Saturday, November 8, 2008

Election Night Coverage



Part of me wished that I was back in America on election night 2008 to join the celebrations and have a closer encounter with the sense of a new era dawning. Call me a nerd, but I was nevertheless quite content with the situation I found myself in – comparing election night coverage between three major broadcasters: CNN, BBC, and Al Jazeera.

I have a friend who works as a journalist, and when I asked him his opinion about Al Jazeera, he was rather harsh and upset about the supposed anti-American slant they bring to their news. I noticed nothing of the sort as I watched their brilliant, yes brilliant, coverage. By the end of the election, my objections with CNN’s approach to media was affirmed. Here is a list of things that struck me about Al Jazeera and CNN’s coverage:

1. Did anyone notice that CNN aired at the Obama rally in Grant Park? I first noticed it when I saw beer ads running on the enormous screens at the rally. Then the unmistakable CNN = Politics slogan flashed on the screen, and I was sure. What is the connection there? And why did CNN political correspondent Candy Crowley get to be among the selected few reporters to ask Barack a question at his first press conference as President Elect?

2. Al Jazeera interviewed Robert Fisk. Fisk’s hallmark is honest and critical dialogue on controversial issues I have never seen Fisk interviewed on any news network. Then they interviewed Jesse Jackson AND JJ Jr. at Obama’s rally. The round table discussion were equally fascinating – notably one with a rapper called “Son of a Nun” from Baltimore, and other interesting roundtables in Kabul and Tehran.

3. No commercials aired during Al Jazeera’s coverage of election night. Absolutely incredible.

4. Al Jazeera stationed reporters throughout the world on election night to capture in real time the world’s reaction to the unfolding election. Correspondents reported from Kabul, Moscow, Kenya, Albania, Germany, Iran, Brazil, China, Zimbabwe, Canada, and many other nations. CNN followed its strict formula of studio, rally, and various city shots. CNN has a tendency to overanalyze the little things and does not strive to capture a global reaction to how events, especially the election, unfold. Al Jazeera did brilliant work in this respect, really capturing honest footage on how regular people around the world were reacting. My favorite piece of info was from the village of Obama’s father in Kenya, where two cows were slaughtered in honor of their native son’s historic victory.
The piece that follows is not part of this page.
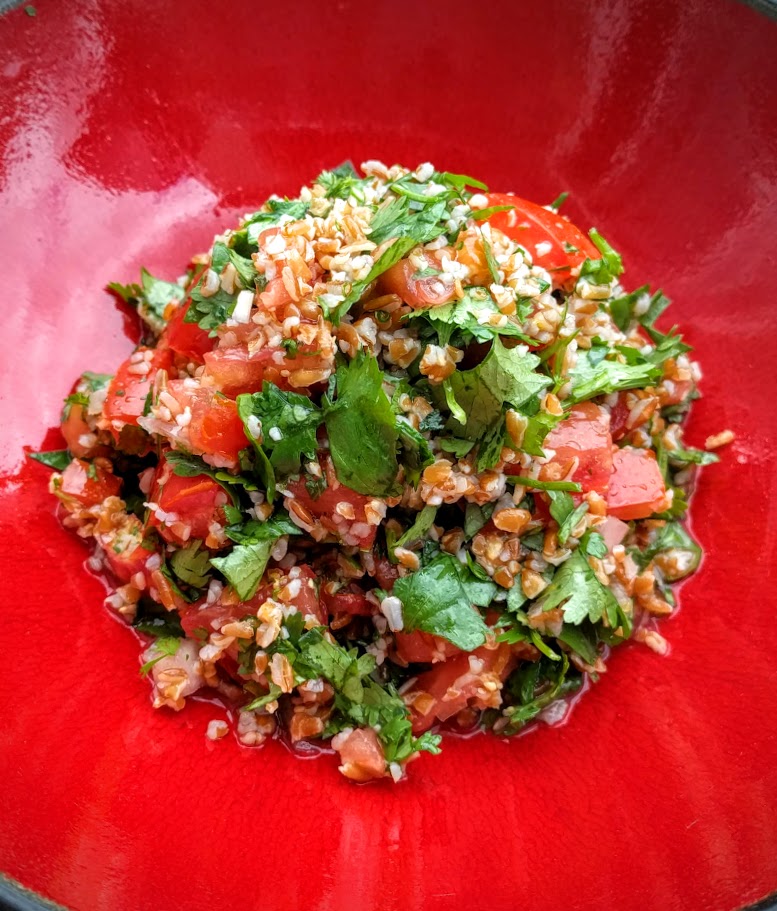 red bowl with green giraffe tabouleh salad in it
5. What’s up with CNN’s slogan? CNN = Politics?  Are we really such a short-tempered and mathematically inept viewership that we need an A = B formula to tell us why we watch CNN?  I think it has something to do with the increasing impatience we are seeing in our media-frenzied universe, where it is becoming more apparent that if you can’t hook a viewer with a sexy slogan, then you lose them. Quality dissolves as a result, but it’s not CNN’s fault. They just perpetuate the system.  Al Jazeera's election night coverage sans commercial at least indicates to me that it enjoys a reasonable amount of journalistic integrity.
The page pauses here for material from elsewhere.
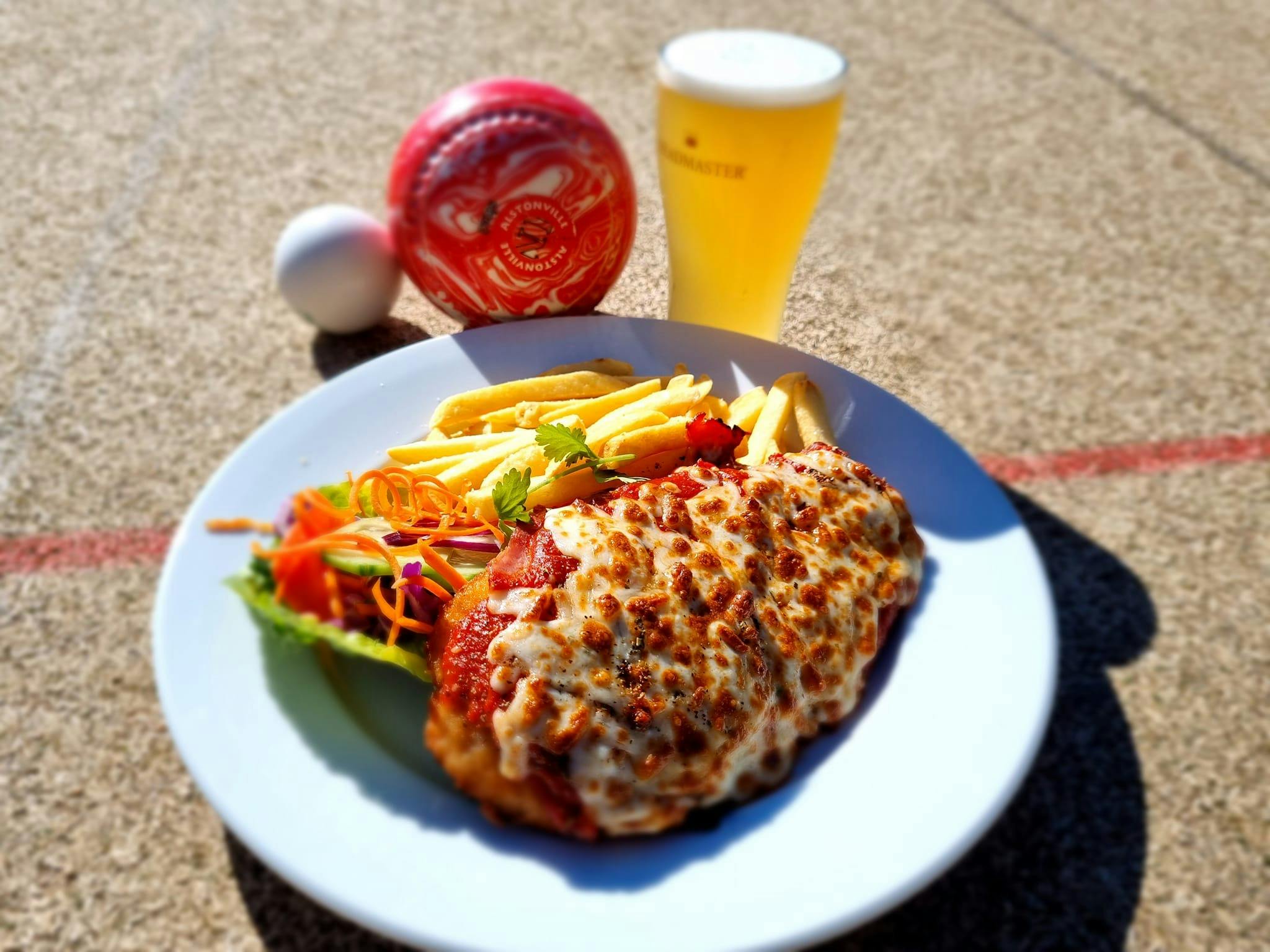 Pub meal with beer and bowls balls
What a silly thing to write about.

2 comments:

beccamess said...

Al Jazeera rocks. They broadcast it in Ghana, so I watched it when I was there. It was really refreshing coverage...you get real in-depth stories from places you neeever hear from on CNN. Like Asia. And Africa. And it was smart reporting, not sensationalism.

Raffi how are you!? I am enjoying your blog.

-Becca

Anonymous said...

i agree, raf. cnn is more like a tabloid than a serious news broadcast. i especially get irritated by how they deliver their news in a panic-stricken state of frenzy. ugh!